The Language of Deception


It’s a phased withdrawal, not a retreat. Except that the terms actually mean the same thing. But "retreat" sounds much worse, so savvy politicians avoid using it. That’s because they understand that there is a difference between the cognitive (or literal) meaning and the emotive meaning of a word. This lesson examines the ways in which terms that pack an emotional punch can add power to a statement – and also ways in which emotive meanings can be used to mislead, either by doing the reader’s thinking for him or by blinding her to the real nature of the issue.
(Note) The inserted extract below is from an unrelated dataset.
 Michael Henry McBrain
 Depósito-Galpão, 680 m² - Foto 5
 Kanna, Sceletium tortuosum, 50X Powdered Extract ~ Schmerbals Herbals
In this lesson, students will:
  • Learn to distinguish between different uses of language.
  • Analyze the emotive impact of words.
  • Examine the effects of euphemism in altering the meaning of arguments.

Key Terms

  • Informative language: language that communicates information through statements that can be true or false
  • Expressive language: language that expresses feelings or that attempts to bring about a feeling or emotion in the listener
  • Directive language: language that gives commands or that requests a particular action be performed
  • Performative language: language whose utterance constitutes the act itself
  • Cognitive meaning: the literal dictionary definition of a word
  • Emotive meaning: the emotions or feelings that a word inspires
  • Euphemism: words used to hide the emotive impact of a particular word or phrase


Language can be divided into four different types: informative, expressive, directive and performative. Informative language, as the name implies, is language that communicates information. We use language informatively when we make statements that can be either true or false.


Today is Wednesday.

The Cubs won the pennant.

Blue cheese is tangy.

Heroin addiction is bad.

Arguments are always comprised of sentences that use language informatively. But of course not all sentences are informative. Some are expressive, meaning that they use language in a poetic fashion. Expressive language is intended to express feelings and attitudes. That expressive function might be intended to describe one’s own feelings or to trigger a certain emotion in others.


Shall I compare thee to a summer’s day?

Now everybody do the propaganda./And sing along to the age of paranoia.

In came Mrs. Fezziwig, one vast substantial smile.

Kobe has the hot hand.

Expressive language is not meant to be taken literally, nor is it meant to convey information, although it sometimes does.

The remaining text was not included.